Suddenly, I saw myself as chasing after him during those months in Delhi, clearly showing him (and everyone else) that he only had to say the word and I’d leap into his arms with a shriek of joy, while all the time he, on his side, was unable to make up his mind whether he really wanted me or not, and was so sure of me that he could keep me hanging about in Kashmir, biting my fingernails and wondering if the verdict would be a telegram to say ‘Arriving Srinagar first week in June. Writing,’ or ‘Decided cannot manage Kashmir this year, sorry, Targett’ In the event I received neither. Bob did not write again, and nor did I.
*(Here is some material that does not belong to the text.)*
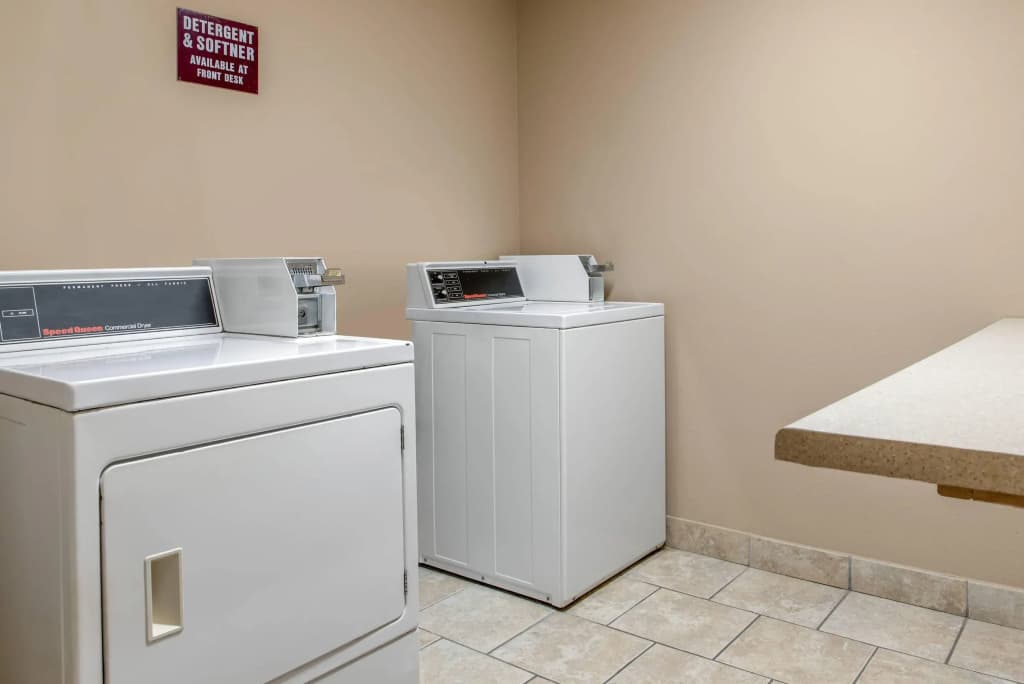 Hotel photo 34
We were to meet again, of course, in Delhi. That we should do so was hardly avoidable in India. And the complications of love being out of the way, we became great friends. Bob was to marry twice, the first time a few years later. Later still, after the first marriage ended in divorce and he had been knighted, he eventually married again — and this time, as far as I know, lived happily ever after. He only once referred to our brief romance, and that was a full ten years later during a Viceregal Ball in New Delhi, when his first marriage was over, and when I had turned thirty and was still unmarried. We had been dancing together, and afterwards we walked out into the lantern-lit garden to sit out the next dance and talk, and he said unexpectedly that he’d been a fool not to marry me, and that he believed that we would have made a great success of it, and that I had taken his letter in quite the wrong way and my reply to it had given his amour propre such a staggering kick in the teeth that his immediate reaction had been to make straight for Kashmir, demand to know what the hell I thought I was up to, and shake me until my teeth rattled. Which was, he said, exactly what he should have done if he’d any sense, because it might have shaken some sense into me, and he should have refused to leave until I’d agreed to get engaged to him and set a date for an autumn wedding in Delhi.